In fact, it is not evident that playing the anti-gay card has ever actually worked for Putin in terms of improved popularity. In particular, there is no sign that the initial adoption of the anti-LGBT law brought Putin any substantial gains in 2013. (He did eventually manage to increase his public support, but this happened in 2014 after the annexation of Crimea.)
Moreover, while homophobic sentiment is fairly widespread among Russians, anti-LGBT ideas are far from uniform across the nation. On the contrary, this issue is becoming increasingly polarizing, as the polls indicate the growth of both the group of strong advocates of tolerance towards same-sex relationships, and its strong opponents.
Most young Russians (18-24 years old) believe that gay people should enjoy the same rights as other citizens. At the same time, homophobic views are most common among older demographics (55 years and older, the age group that also encompasses the 70-year-old Putin.) Similarly, pro-war opinions are also most popular among older Russians.
It will therefore be difficult for Putin to construct a unifying national ideology based on this rather polarizing issue.

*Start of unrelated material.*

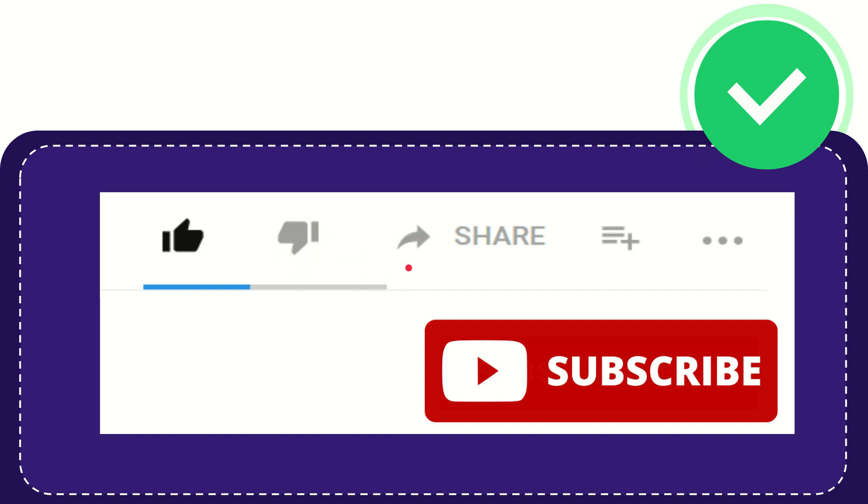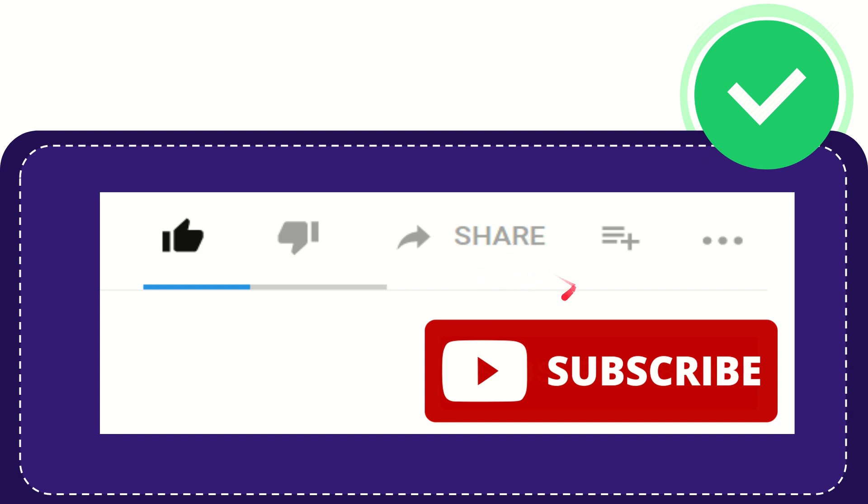And if you want to share this video with your friend, you can share it by clicking this share button and you can share it to any social media that you wish that is currently available at this time, like Facebook, Twitter, LinkedIn, and many others.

If the new anti-gay campaign brings any short-term results at all, they will probably be largely limited to Putin’s existing supporters and may help preserve pro-war sentiment among the older and middle-aged demographics. It will also further widen the divide between older pro-war Russians and younger anti-war ones.
Of course, this does not mean that the new anti-LGBT legislation will be harmless in every respect. It immediately puts Russian LGBT people, LGBT rights activists, pro-LGBT authors and artists, as well as gender studies researchers, under even more severe pressure than before.
And if Russians, due a combination of domestic restrictions and foreign sanctions, are excluded from the European and global mainstream, anti-LGBT views may come to dominate. In a tightly controlled state of long-term isolation, strict censorship, and aggressive propaganda, there is a chance that Putin will eventually succeed in instrumentalizing anti-gay sentiment more effectively.
Ivan Fomin is a Democracy Fellow at the Center for European Policy Analysis (CEPA). Previously, he was an associate professor at the Higher School of Economics, Moscow. He participated in projects at the Jagiellonian University, George Washington University, and Ruhr University Bochum. He holds a Candidate of Sciences degree in political science.